Debt that was reduced through restructuring and forgiveness
may qualify for relief. We’ll discuss the rules so you can figure out if that
amount is tax free.
Debt Forgiveness Isn’t Normally Tax Free
Normally, debt forgiveness isn’t tax free. In many cases,
you are required to pay taxes on the amount of the forgiven debt as if it is
income. However, the Mortgage Forgiveness Debt Relief Act of 2007 has made it
possible for you to avoid paying income tax on forgiven mortgage debt — at
least until the law expires at the end of 2013.

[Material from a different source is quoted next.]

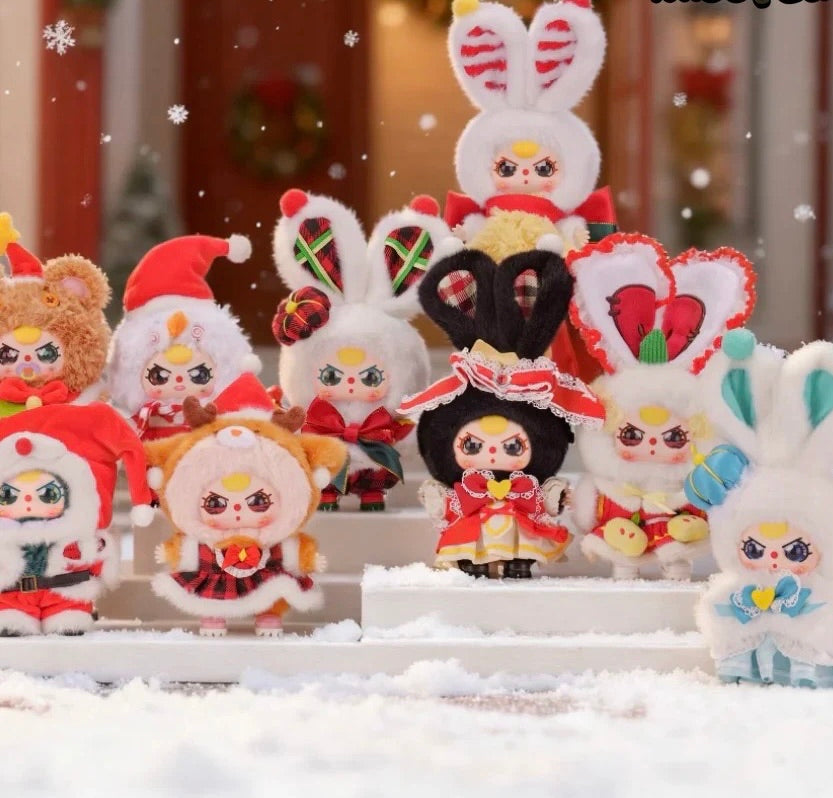 Baby Three Winter Day Series Blind Box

The law has been extended more than once since it was
passed, because it was only intended to be temporary. Congress might decide to
extend the law again, but as of right now, your forgiven mortgage debt is only
tax free through the end of this year.
What are the Restrictions on the Mortgage Forgiveness Debt
Relief Act of 2007?
As with most tax related laws, there are some requirements
and restrictions that come with this law. First of all, the forgiven debt must
be secured by your primary residence. Additionally, there is a $2 million limit
on the amount that qualifies for those who are married filing jointly. You can
also use the forgiveness provision and apply it to refinancing, as long as the
old mortgage, immediately before the refinance, qualifies.

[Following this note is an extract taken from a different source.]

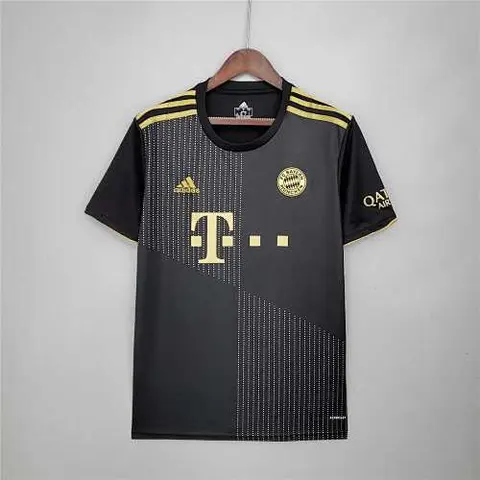 21-22 Bayern Munich away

It’s important to note that this law only applies to
mortgage debt. Other types of forgiven debt, such as credit card debt, aren’t
included. If your other types of debt have been forgiven (except in specific
circumstances), you will have to treat the forgiven debt as income, and pay
taxes on it.
What is Mortgage Forgiveness?
Mortgage forgiveness might come as a result of a loan
modification or a short sale. Basically, if the lender says that you don’t have
to pay a portion of your mortgage, that is the amount forgiven. So, if you have
a balance of $170,000 when you perform a short sale for $150,000, the amount
forgiven is $20,000. In normal circumstance, you would add that $20,000 to your
income, which means higher taxes (especially if the amount bumps you up into
another tax bracket). However, until the end of 2013, you don’t have to pay
taxes on that amount, as long as you meet the requirements.